__Work item__. Leave the pictures out, and repeat exactly each line from the one that holds "Lot Of 144 Artists" through the final line of the entries below.

▶

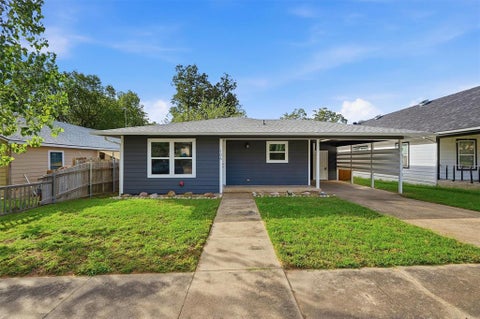 Photo of 106 E Heron Street, Denison, TX 75021 (MLS # 21417591)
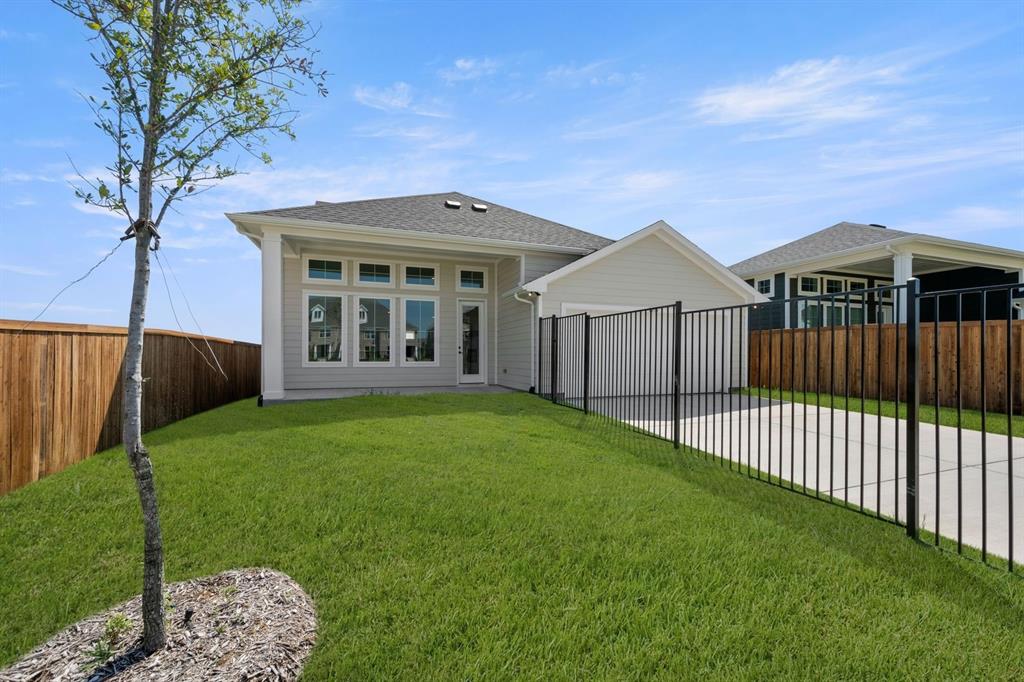 1015 Abigail Way Midlothian, TX 76065 - Photo 10 of 40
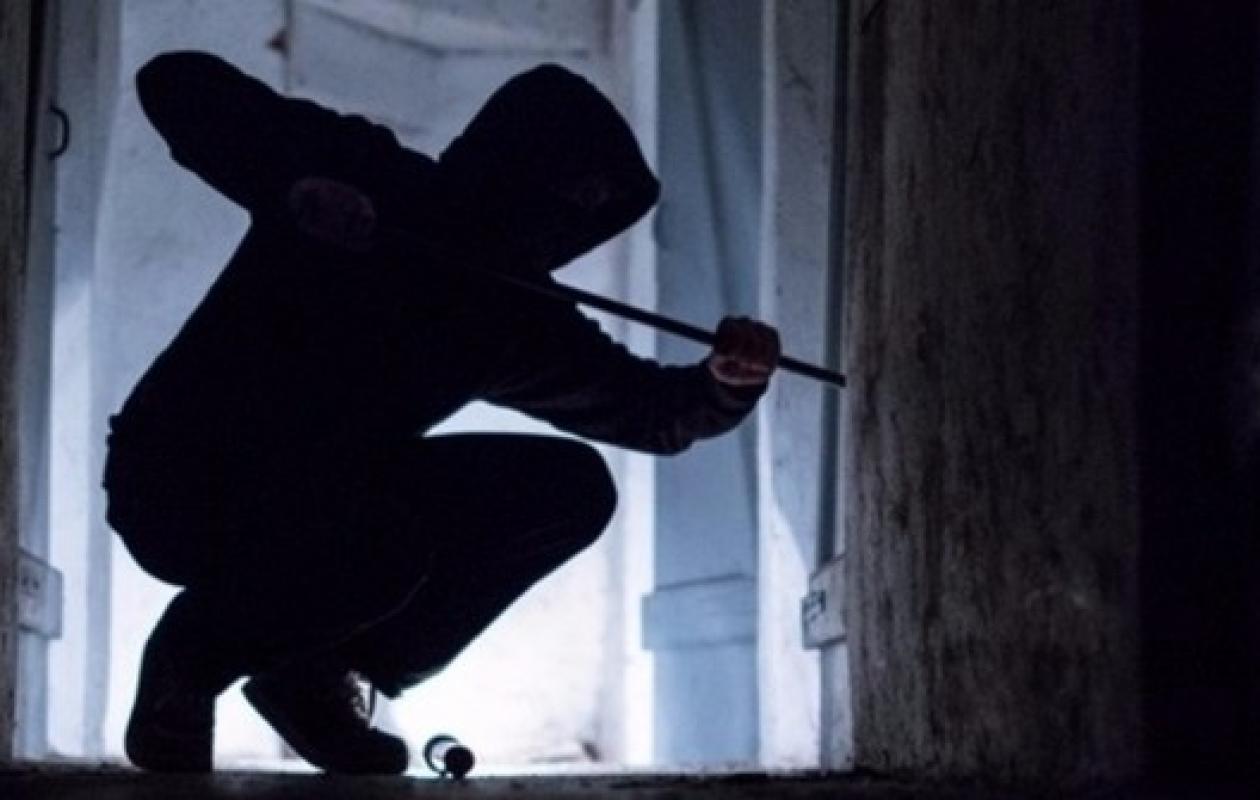 Une femme de 46 ans violée à plusieurs reprises par l'un de ses 3 cambrioleurs armés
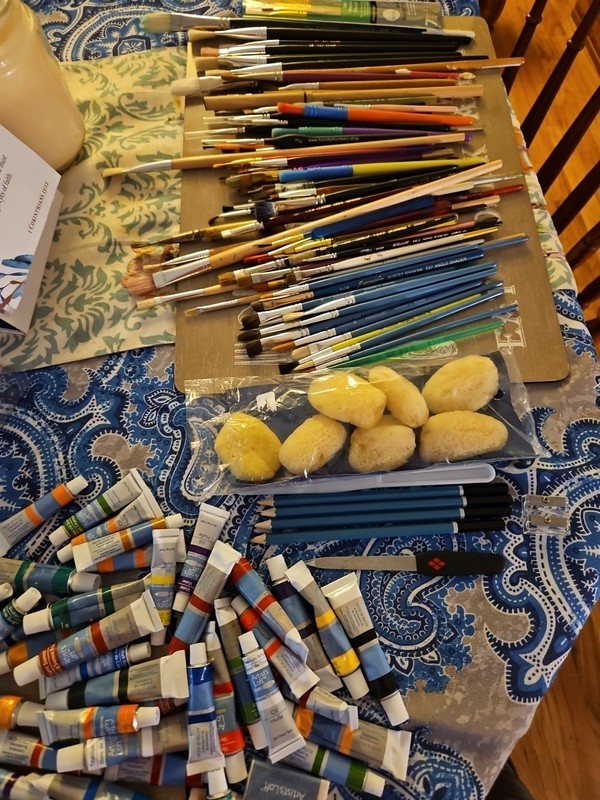 Lot Of 144 Artists Paint Brushes Various Sizes & Brands & 51 Artist Loft Paints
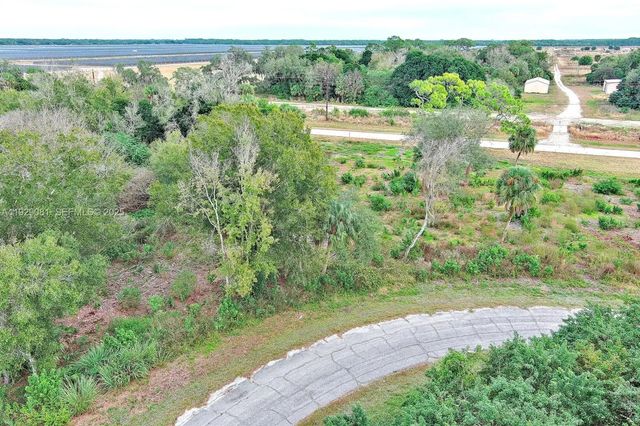 4 of 22 - 171 Carousel Avenue, LaBelle, FL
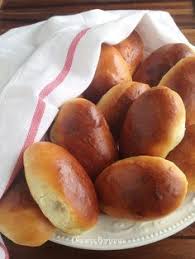 дрожжевое тесто для пирожков в духовке из сухих дрожжей Duhovye Pirozhki S Yablokami S Izobrazheniyami Vkusnyashki Eda Recepty Vypechki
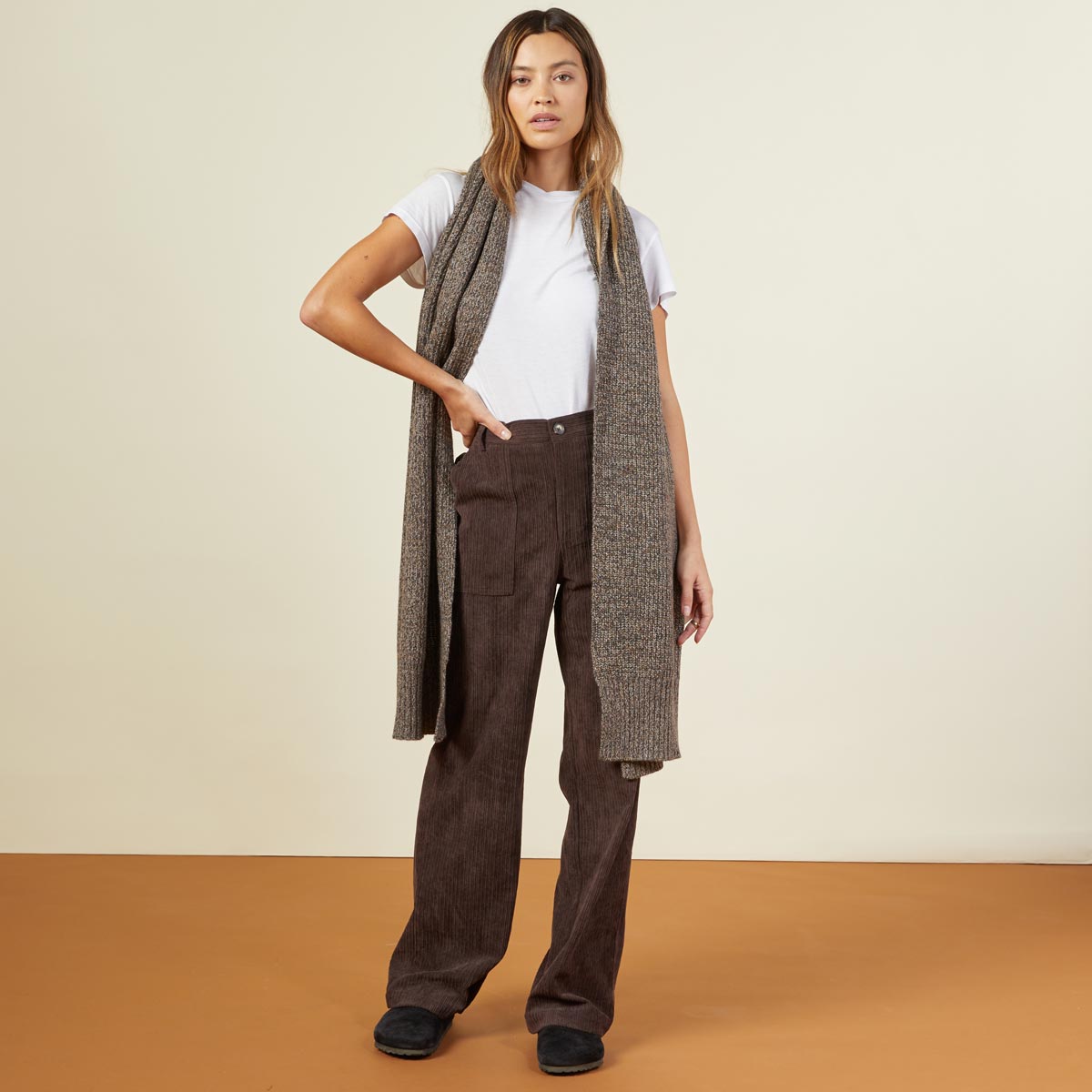 Front view of model wearing the marled scarf in black sesame.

◀

__Solution below__.
 Lot Of 144 Artists Paint Brushes Various Sizes & Brands & 51 Artist Loft Paints
 4 of 22 - 171 Carousel Avenue, LaBelle, FL
 дрожжевое тесто для пирожков в духовке из сухих дрожжей Duhovye Pirozhki S Yablokami S Izobrazheniyami Vkusnyashki Eda Recepty Vypechki
 Front view of model wearing the marled scarf in black sesame.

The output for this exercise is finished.